*Task inputs*.
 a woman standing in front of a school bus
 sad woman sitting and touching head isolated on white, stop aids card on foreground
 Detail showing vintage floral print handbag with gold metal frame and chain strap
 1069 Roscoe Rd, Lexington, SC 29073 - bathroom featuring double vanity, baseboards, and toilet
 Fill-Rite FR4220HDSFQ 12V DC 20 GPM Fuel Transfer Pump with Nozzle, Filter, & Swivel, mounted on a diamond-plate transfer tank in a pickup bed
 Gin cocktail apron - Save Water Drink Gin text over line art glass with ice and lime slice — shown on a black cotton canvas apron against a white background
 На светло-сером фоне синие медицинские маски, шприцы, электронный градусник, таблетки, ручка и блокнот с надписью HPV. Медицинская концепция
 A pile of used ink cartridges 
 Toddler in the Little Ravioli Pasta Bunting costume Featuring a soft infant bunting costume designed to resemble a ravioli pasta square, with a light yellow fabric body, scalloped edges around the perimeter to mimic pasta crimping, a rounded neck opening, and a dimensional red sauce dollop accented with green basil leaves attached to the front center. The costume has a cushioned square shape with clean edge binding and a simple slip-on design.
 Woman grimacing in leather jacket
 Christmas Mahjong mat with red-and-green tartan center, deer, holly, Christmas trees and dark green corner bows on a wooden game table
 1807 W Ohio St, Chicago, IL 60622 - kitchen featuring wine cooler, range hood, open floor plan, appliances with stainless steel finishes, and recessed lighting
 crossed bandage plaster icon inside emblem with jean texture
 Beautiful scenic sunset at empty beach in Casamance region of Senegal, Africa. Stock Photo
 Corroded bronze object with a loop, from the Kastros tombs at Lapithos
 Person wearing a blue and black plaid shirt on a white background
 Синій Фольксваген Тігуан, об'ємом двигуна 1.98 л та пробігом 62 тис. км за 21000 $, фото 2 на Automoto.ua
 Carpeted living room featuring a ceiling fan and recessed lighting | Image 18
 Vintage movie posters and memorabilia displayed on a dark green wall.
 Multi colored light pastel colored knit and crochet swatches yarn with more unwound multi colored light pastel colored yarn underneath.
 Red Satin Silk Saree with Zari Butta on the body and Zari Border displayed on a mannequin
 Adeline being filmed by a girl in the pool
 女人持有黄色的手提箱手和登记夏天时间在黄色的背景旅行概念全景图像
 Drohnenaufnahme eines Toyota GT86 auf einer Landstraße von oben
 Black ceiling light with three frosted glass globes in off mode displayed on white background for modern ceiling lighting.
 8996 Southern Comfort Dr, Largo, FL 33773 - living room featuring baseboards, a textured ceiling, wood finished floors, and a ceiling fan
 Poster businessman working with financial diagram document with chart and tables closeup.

*What to work on*.
Across the entries, how many lines contain the word "dark"? State that number and nothing else.

*Answer below*.
2